**Required action:**
Among the entries below, one stretch runs from the line that contains "best-gum-treatment-and-surgery-center-in-kuwait.jpg" through the line that contains "Relief, Long-Term Results". Repeat that stretch exactly, ends included, and only that.

### Supplied information

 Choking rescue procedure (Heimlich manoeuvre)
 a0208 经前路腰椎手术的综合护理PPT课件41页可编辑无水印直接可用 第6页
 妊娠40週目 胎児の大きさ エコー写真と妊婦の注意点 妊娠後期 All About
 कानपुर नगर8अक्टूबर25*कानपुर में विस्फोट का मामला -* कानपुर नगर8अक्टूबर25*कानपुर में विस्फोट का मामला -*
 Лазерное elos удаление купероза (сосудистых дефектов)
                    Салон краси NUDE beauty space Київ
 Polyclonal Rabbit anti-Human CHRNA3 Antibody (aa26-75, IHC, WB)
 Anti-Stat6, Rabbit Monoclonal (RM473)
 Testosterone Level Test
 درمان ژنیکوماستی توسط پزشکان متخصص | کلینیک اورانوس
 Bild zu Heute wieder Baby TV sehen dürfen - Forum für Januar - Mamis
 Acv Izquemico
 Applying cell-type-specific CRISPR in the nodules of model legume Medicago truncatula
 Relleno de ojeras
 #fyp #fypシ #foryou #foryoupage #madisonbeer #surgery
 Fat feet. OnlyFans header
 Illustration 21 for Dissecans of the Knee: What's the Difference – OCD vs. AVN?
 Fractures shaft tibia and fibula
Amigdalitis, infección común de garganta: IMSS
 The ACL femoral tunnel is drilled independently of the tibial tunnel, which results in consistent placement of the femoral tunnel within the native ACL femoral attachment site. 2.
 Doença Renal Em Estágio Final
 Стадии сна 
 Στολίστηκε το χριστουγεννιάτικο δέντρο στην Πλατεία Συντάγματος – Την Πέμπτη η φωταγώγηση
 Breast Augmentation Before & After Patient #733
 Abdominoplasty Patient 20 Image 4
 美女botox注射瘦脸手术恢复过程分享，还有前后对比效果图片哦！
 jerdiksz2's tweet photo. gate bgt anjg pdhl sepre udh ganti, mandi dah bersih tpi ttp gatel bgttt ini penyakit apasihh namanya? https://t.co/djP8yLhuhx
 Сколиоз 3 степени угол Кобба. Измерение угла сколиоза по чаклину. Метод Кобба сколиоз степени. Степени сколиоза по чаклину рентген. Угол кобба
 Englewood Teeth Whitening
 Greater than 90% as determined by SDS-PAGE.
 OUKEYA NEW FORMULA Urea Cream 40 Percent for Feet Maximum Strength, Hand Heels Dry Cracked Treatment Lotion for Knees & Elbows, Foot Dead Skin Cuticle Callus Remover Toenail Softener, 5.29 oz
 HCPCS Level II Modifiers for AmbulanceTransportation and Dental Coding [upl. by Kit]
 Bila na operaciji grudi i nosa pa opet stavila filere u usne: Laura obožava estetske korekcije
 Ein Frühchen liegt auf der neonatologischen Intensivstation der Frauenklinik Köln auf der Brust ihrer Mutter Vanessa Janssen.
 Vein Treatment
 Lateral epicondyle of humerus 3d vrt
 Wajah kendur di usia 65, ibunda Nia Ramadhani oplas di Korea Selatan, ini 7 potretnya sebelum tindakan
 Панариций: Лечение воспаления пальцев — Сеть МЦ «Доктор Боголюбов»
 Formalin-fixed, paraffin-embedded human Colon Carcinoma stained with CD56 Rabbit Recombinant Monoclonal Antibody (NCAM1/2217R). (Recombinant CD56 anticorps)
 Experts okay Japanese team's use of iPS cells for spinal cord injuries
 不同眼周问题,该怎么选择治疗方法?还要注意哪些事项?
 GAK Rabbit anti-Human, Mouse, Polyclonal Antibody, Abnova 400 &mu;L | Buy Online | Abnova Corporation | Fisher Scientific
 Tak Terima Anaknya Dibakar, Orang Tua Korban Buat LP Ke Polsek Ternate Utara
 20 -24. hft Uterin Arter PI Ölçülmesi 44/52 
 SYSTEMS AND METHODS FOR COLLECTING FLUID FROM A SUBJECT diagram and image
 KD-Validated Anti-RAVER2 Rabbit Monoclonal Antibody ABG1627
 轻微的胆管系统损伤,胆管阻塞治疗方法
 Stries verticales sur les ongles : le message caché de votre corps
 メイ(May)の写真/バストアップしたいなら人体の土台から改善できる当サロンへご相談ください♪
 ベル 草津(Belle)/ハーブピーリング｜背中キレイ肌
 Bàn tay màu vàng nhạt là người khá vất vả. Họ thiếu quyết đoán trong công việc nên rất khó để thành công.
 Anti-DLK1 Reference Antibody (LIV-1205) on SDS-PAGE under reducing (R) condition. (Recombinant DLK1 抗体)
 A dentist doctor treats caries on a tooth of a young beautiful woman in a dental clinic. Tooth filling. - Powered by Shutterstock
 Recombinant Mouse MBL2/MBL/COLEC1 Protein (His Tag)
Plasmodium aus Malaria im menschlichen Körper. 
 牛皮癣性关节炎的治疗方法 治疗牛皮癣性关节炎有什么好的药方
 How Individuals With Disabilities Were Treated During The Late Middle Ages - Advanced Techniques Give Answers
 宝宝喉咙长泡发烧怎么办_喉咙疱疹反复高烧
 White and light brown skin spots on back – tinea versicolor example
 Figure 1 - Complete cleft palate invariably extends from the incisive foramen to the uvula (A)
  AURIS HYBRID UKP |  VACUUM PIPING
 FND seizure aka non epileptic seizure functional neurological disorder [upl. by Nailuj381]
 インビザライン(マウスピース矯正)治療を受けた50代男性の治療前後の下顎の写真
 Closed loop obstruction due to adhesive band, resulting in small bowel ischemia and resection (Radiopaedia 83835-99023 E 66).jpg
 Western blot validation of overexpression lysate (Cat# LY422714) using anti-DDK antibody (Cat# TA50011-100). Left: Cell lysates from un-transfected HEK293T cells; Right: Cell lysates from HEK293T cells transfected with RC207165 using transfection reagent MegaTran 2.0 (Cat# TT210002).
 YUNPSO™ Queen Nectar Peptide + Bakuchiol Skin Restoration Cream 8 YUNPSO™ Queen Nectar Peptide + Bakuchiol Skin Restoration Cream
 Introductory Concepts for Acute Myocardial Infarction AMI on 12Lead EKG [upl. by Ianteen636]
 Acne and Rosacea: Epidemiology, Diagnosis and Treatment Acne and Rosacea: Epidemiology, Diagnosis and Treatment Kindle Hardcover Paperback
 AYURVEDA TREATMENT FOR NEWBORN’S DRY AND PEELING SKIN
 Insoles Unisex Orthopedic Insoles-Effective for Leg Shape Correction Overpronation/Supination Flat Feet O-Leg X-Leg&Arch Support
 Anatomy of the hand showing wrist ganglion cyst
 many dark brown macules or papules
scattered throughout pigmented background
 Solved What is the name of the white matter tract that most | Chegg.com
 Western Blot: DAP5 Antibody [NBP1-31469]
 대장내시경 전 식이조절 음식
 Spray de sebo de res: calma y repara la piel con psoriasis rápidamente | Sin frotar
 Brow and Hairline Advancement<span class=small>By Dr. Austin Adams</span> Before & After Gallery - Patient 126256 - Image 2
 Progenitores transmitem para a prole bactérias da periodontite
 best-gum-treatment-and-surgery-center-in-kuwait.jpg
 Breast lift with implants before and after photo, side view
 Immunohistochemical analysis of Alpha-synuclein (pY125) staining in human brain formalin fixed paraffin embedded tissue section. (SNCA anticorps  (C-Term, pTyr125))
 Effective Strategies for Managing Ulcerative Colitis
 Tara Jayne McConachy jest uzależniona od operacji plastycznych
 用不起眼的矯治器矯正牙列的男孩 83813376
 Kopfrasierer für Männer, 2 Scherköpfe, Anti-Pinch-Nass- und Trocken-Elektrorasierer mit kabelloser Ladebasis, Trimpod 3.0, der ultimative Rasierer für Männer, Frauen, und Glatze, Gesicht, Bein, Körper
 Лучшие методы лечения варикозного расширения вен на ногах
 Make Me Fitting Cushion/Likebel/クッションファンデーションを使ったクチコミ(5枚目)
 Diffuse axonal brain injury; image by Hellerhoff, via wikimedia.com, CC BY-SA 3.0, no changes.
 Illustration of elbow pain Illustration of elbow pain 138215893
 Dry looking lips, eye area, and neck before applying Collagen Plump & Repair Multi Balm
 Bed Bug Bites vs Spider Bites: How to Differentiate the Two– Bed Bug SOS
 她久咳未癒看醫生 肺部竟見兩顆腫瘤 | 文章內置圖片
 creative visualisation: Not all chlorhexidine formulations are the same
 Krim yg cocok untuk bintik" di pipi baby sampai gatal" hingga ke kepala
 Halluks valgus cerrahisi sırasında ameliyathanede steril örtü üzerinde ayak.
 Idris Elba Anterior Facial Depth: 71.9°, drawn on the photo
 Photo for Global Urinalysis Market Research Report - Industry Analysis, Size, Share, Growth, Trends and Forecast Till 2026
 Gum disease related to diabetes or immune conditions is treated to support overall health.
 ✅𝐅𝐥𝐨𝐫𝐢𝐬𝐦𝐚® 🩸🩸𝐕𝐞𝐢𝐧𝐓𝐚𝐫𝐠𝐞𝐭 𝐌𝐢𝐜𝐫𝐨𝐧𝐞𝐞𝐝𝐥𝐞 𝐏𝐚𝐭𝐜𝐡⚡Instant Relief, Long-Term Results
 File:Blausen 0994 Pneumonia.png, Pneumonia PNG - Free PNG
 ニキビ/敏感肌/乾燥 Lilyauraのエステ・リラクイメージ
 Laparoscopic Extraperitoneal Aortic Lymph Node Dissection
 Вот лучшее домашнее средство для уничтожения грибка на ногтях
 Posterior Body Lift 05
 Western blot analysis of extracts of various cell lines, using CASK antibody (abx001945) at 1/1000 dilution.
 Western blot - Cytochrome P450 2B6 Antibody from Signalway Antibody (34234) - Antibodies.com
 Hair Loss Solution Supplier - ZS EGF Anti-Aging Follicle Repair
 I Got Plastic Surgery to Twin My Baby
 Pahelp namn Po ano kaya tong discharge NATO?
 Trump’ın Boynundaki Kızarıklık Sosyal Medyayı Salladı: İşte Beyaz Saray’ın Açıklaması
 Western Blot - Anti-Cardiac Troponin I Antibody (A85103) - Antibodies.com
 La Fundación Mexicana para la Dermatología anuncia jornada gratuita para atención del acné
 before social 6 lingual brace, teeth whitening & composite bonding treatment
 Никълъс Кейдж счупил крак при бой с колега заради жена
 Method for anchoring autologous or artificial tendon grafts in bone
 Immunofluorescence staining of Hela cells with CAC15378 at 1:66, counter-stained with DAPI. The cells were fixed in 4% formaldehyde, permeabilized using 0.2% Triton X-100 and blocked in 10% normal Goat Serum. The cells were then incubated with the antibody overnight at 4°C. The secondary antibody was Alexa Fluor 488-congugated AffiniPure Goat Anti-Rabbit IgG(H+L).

######

**Task result:**
 best-gum-treatment-and-surgery-center-in-kuwait.jpg
 Breast lift with implants before and after photo, side view
 Immunohistochemical analysis of Alpha-synuclein (pY125) staining in human brain formalin fixed paraffin embedded tissue section. (SNCA anticorps  (C-Term, pTyr125))
 Effective Strategies for Managing Ulcerative Colitis
 Tara Jayne McConachy jest uzależniona od operacji plastycznych
 用不起眼的矯治器矯正牙列的男孩 83813376
 Kopfrasierer für Männer, 2 Scherköpfe, Anti-Pinch-Nass- und Trocken-Elektrorasierer mit kabelloser Ladebasis, Trimpod 3.0, der ultimative Rasierer für Männer, Frauen, und Glatze, Gesicht, Bein, Körper
 Лучшие методы лечения варикозного расширения вен на ногах
 Make Me Fitting Cushion/Likebel/クッションファンデーションを使ったクチコミ(5枚目)
 Diffuse axonal brain injury; image by Hellerhoff, via wikimedia.com, CC BY-SA 3.0, no changes.
 Illustration of elbow pain Illustration of elbow pain 138215893
 Dry looking lips, eye area, and neck before applying Collagen Plump & Repair Multi Balm
 Bed Bug Bites vs Spider Bites: How to Differentiate the Two– Bed Bug SOS
 她久咳未癒看醫生 肺部竟見兩顆腫瘤 | 文章內置圖片
 creative visualisation: Not all chlorhexidine formulations are the same
 Krim yg cocok untuk bintik" di pipi baby sampai gatal" hingga ke kepala
 Halluks valgus cerrahisi sırasında ameliyathanede steril örtü üzerinde ayak.
 Idris Elba Anterior Facial Depth: 71.9°, drawn on the photo
 Photo for Global Urinalysis Market Research Report - Industry Analysis, Size, Share, Growth, Trends and Forecast Till 2026
 Gum disease related to diabetes or immune conditions is treated to support overall health.
 ✅𝐅𝐥𝐨𝐫𝐢𝐬𝐦𝐚® 🩸🩸𝐕𝐞𝐢𝐧𝐓𝐚𝐫𝐠𝐞𝐭 𝐌𝐢𝐜𝐫𝐨𝐧𝐞𝐞𝐝𝐥𝐞 𝐏𝐚𝐭𝐜𝐡⚡Instant Relief, Long-Term Results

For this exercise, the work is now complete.